EXERCISE PROMPT:
Output only the lines below from the one holding "Espejo LED hexagonal" down to the one holding "NWT Vince Women’s", both end lines included and every picture dropped.

INFORMATION SUPPLIED:
════════

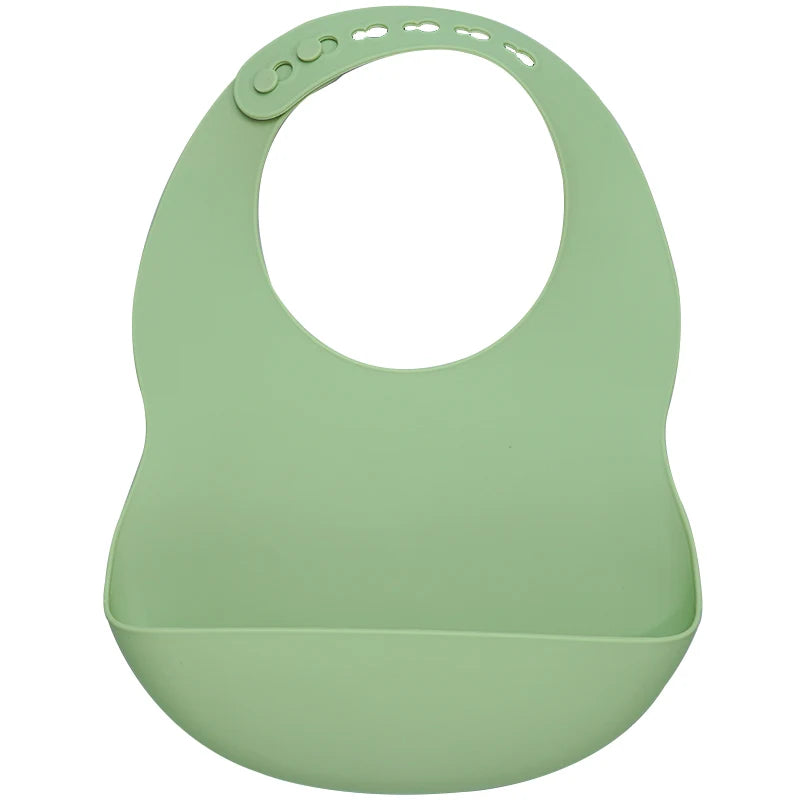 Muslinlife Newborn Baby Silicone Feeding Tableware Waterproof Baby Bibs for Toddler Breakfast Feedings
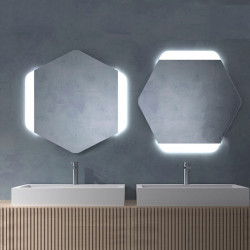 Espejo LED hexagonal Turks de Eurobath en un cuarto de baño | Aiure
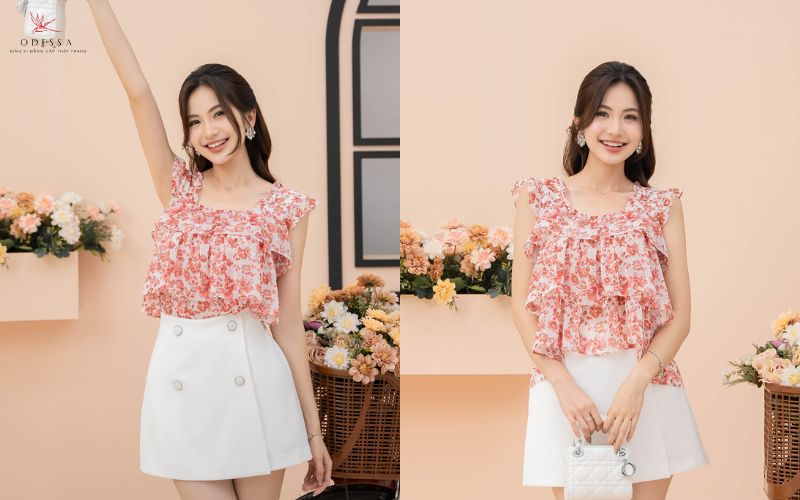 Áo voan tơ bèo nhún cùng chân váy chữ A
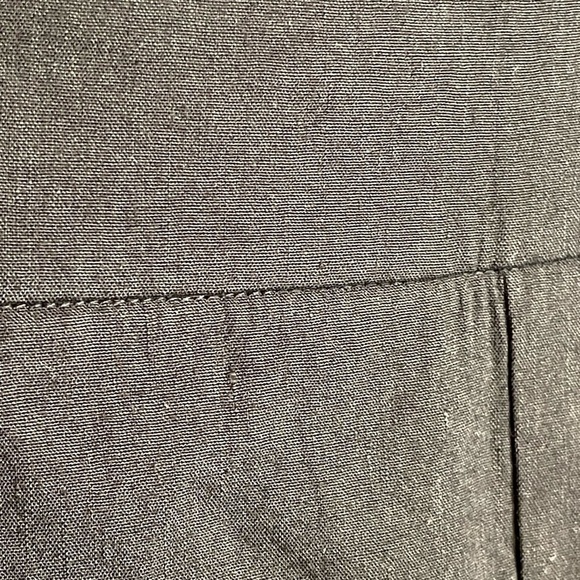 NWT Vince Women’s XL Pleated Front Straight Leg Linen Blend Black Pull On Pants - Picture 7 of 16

════════

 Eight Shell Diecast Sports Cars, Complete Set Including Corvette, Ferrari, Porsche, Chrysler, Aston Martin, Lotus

════════

TASK OUTPUT:
 Espejo LED hexagonal Turks de Eurobath en un cuarto de baño | Aiure
 Áo voan tơ bèo nhún cùng chân váy chữ A
 NWT Vince Women’s XL Pleated Front Straight Leg Linen Blend Black Pull On Pants - Picture 7 of 16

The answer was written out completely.